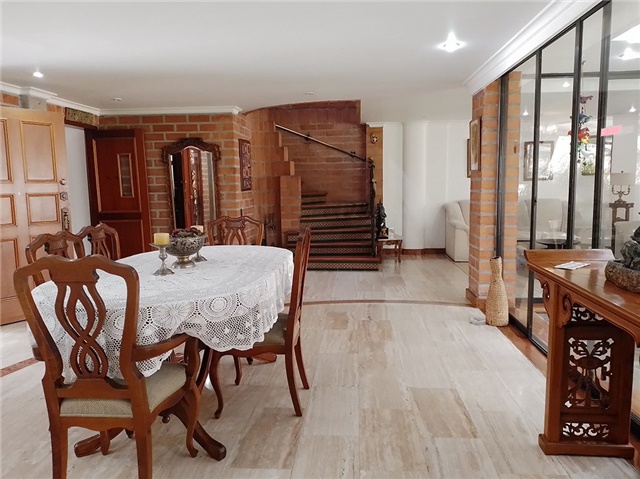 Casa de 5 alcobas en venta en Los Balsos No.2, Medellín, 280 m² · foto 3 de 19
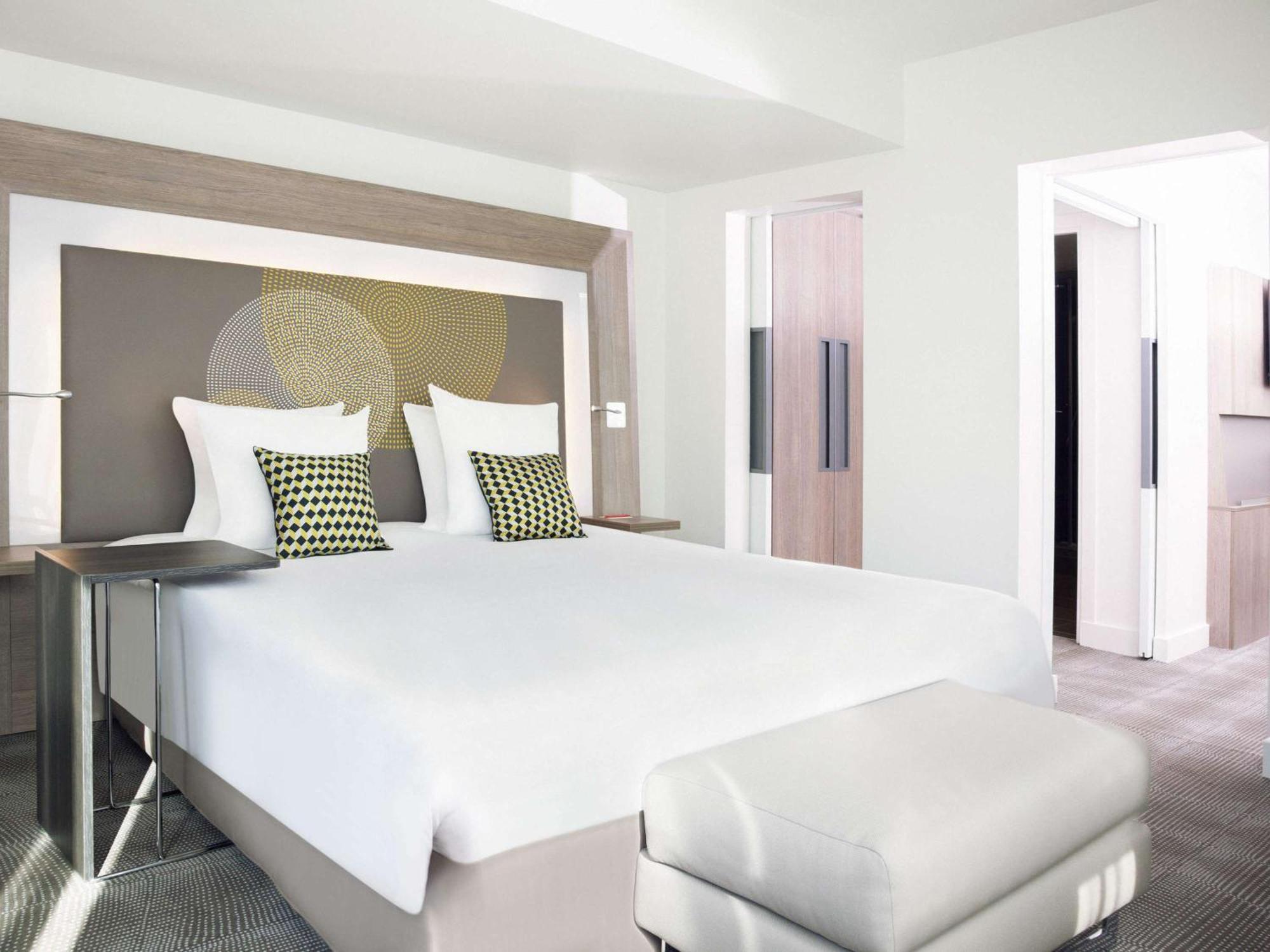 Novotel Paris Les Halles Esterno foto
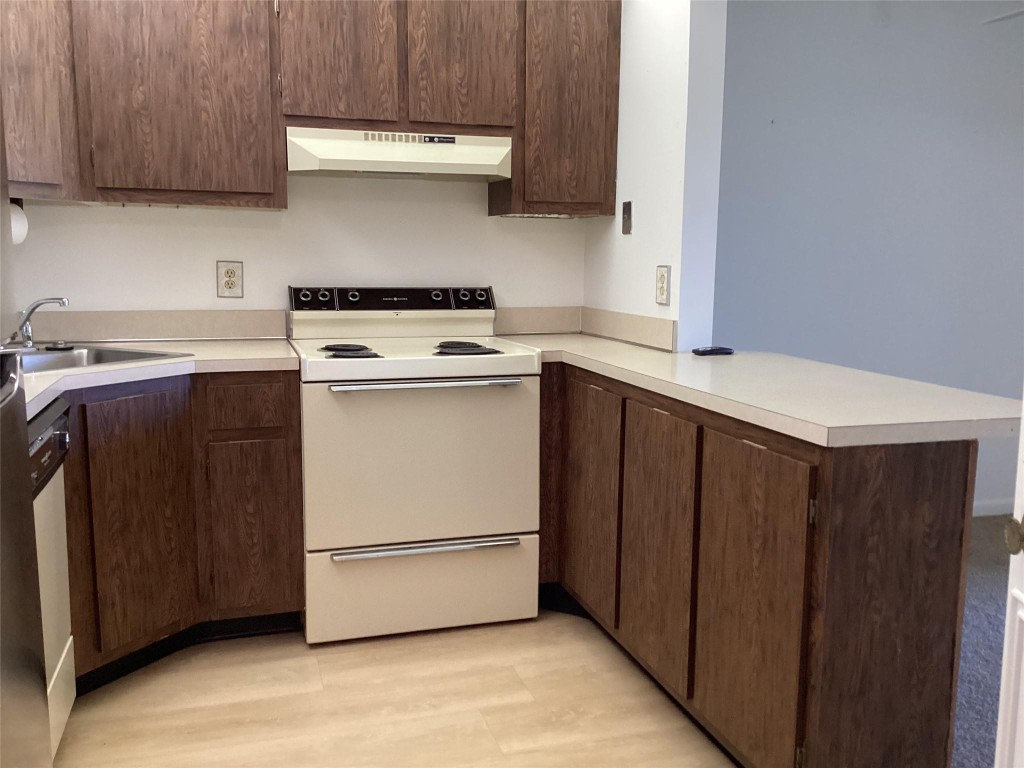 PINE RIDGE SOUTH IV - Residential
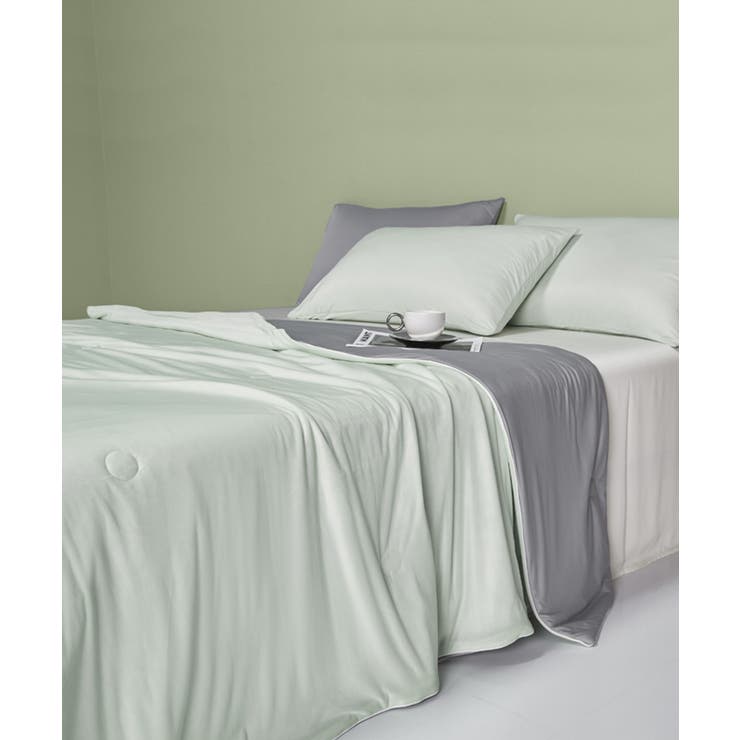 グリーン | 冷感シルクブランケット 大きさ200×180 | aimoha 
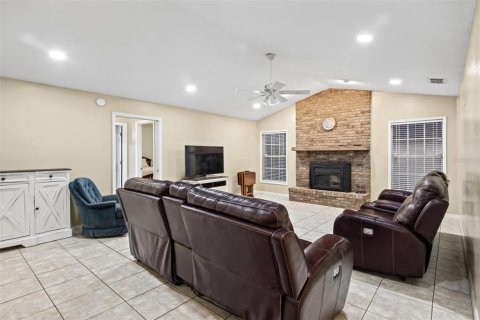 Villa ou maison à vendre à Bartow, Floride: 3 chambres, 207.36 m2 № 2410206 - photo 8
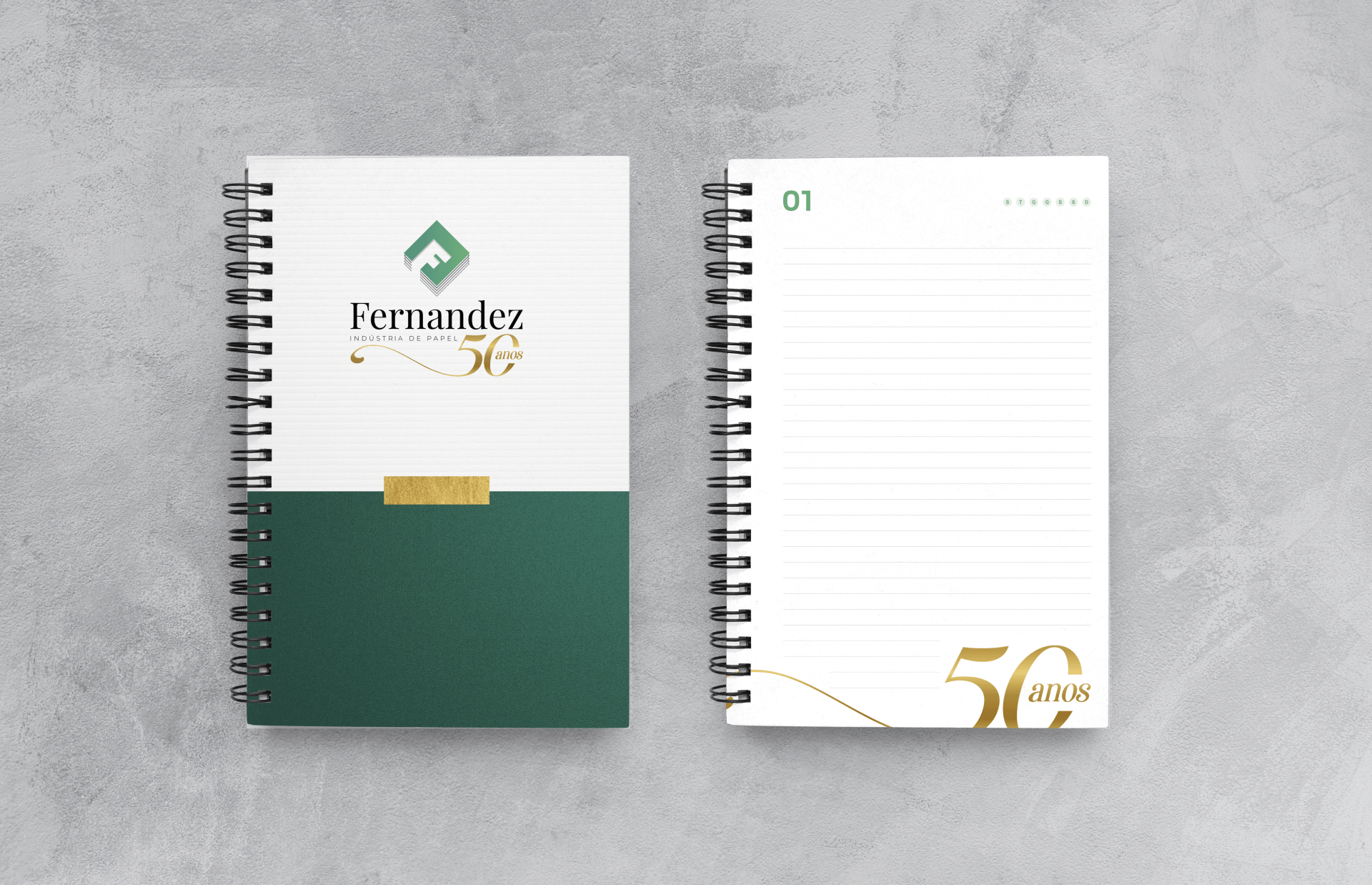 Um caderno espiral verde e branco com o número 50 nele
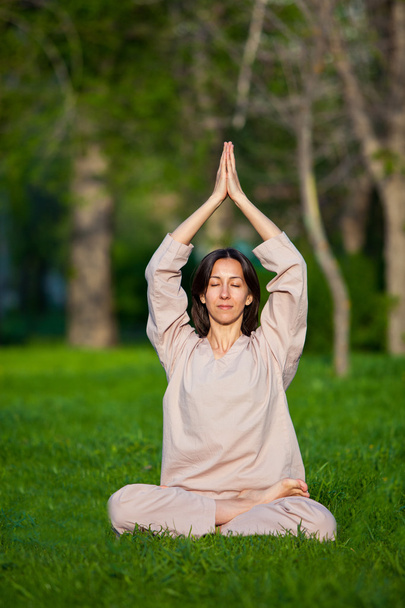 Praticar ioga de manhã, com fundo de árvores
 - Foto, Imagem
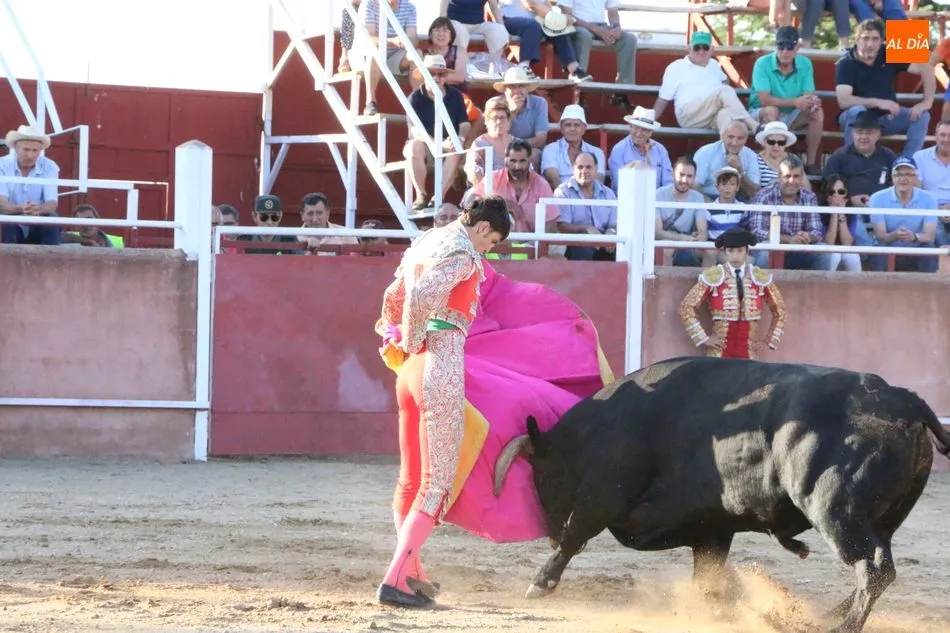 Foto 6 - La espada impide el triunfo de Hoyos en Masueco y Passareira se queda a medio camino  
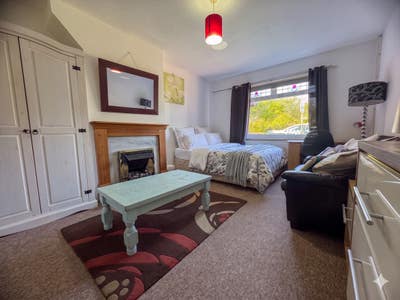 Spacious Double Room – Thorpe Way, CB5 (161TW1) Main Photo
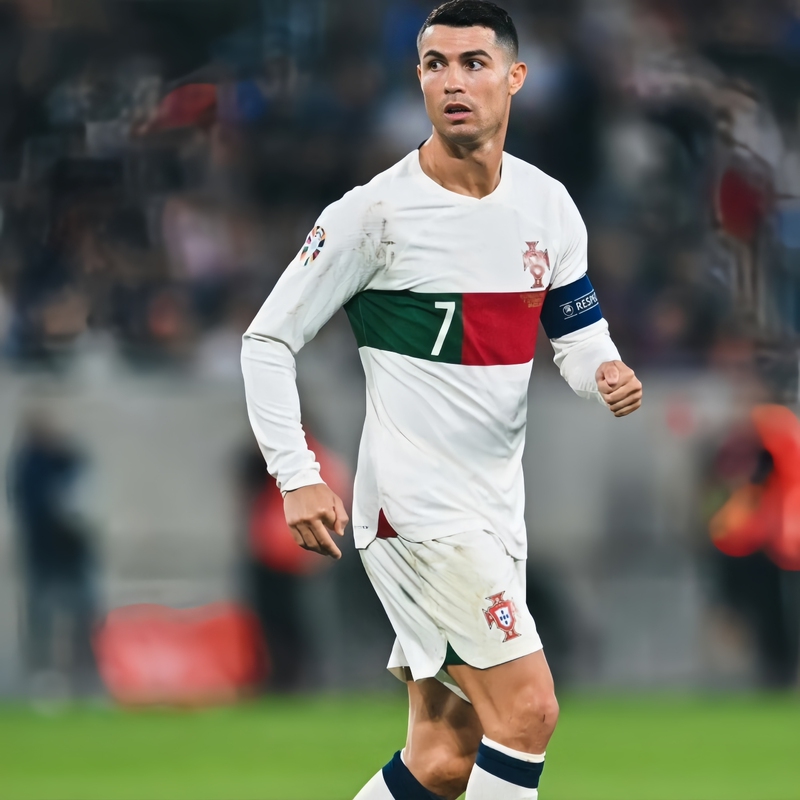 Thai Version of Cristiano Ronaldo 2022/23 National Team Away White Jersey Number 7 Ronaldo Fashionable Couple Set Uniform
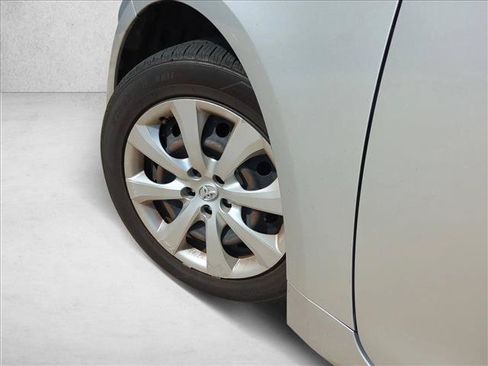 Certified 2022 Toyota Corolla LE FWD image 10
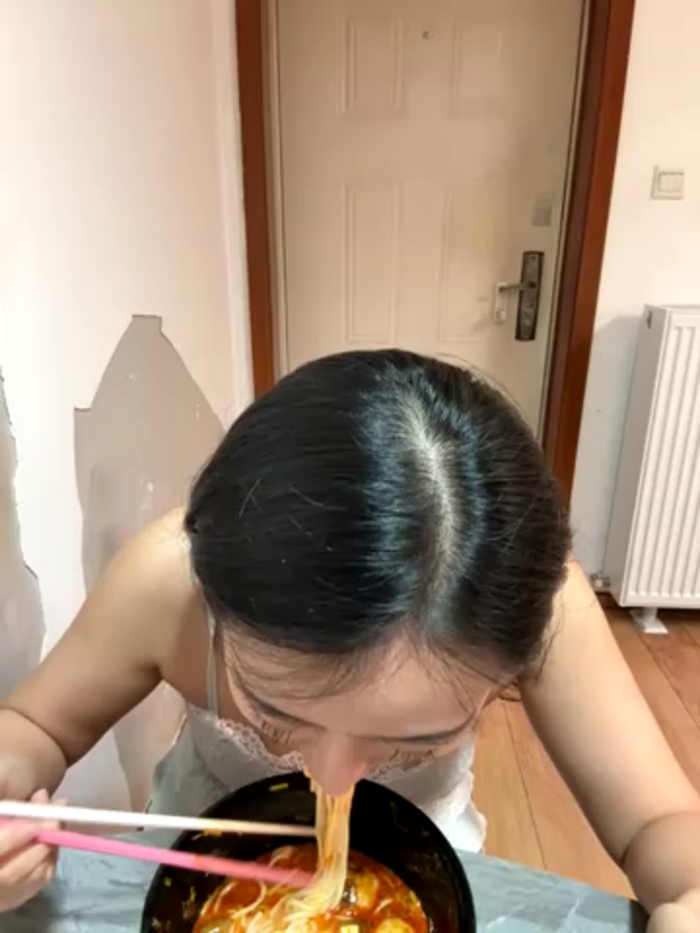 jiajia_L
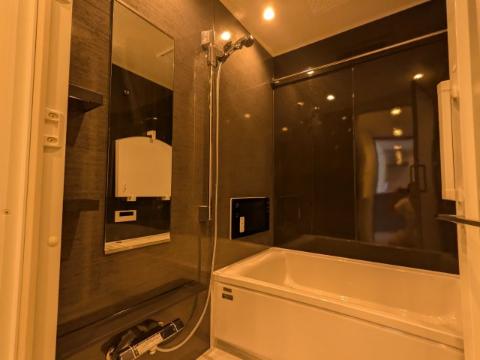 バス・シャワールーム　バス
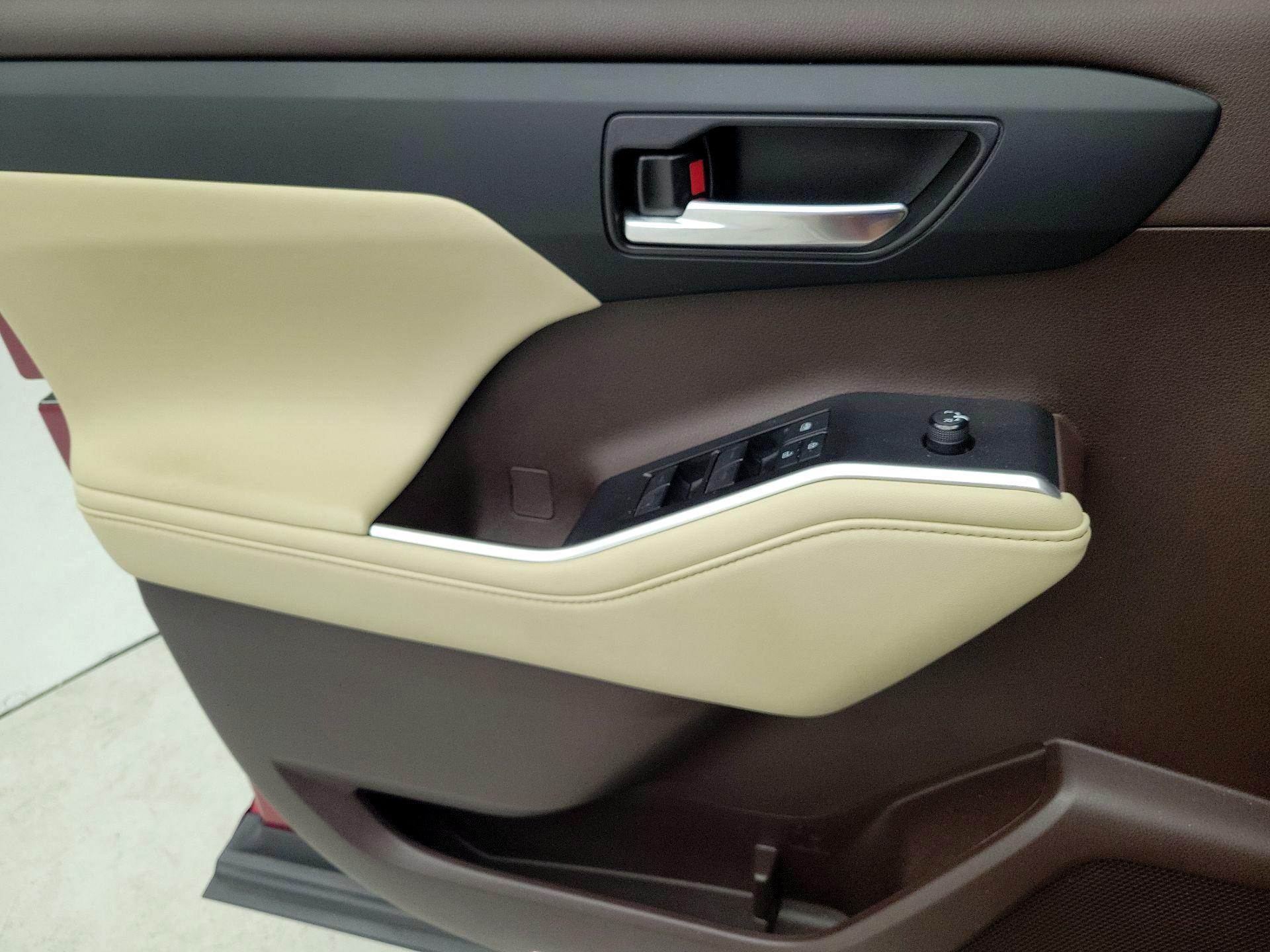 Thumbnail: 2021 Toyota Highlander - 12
+++
In your copy, include every record word for word but no pictures.

 Casa de 5 alcobas en venta en Los Balsos No.2, Medellín, 280 m² · foto 3 de 19
 Novotel Paris Les Halles Esterno foto
 PINE RIDGE SOUTH IV - Residential
 グリーン | 冷感シルクブランケット 大きさ200×180 | aimoha 
 Villa ou maison à vendre à Bartow, Floride: 3 chambres, 207.36 m2 № 2410206 - photo 8
 Um caderno espiral verde e branco com o número 50 nele
 Praticar ioga de manhã, com fundo de árvores
 - Foto, Imagem
 Foto 6 - La espada impide el triunfo de Hoyos en Masueco y Passareira se queda a medio camino  
 Spacious Double Room – Thorpe Way, CB5 (161TW1) Main Photo
 Thai Version of Cristiano Ronaldo 2022/23 National Team Away White Jersey Number 7 Ronaldo Fashionable Couple Set Uniform
 Certified 2022 Toyota Corolla LE FWD image 10
 jiajia_L
 バス・シャワールーム　バス
 Thumbnail: 2021 Toyota Highlander - 12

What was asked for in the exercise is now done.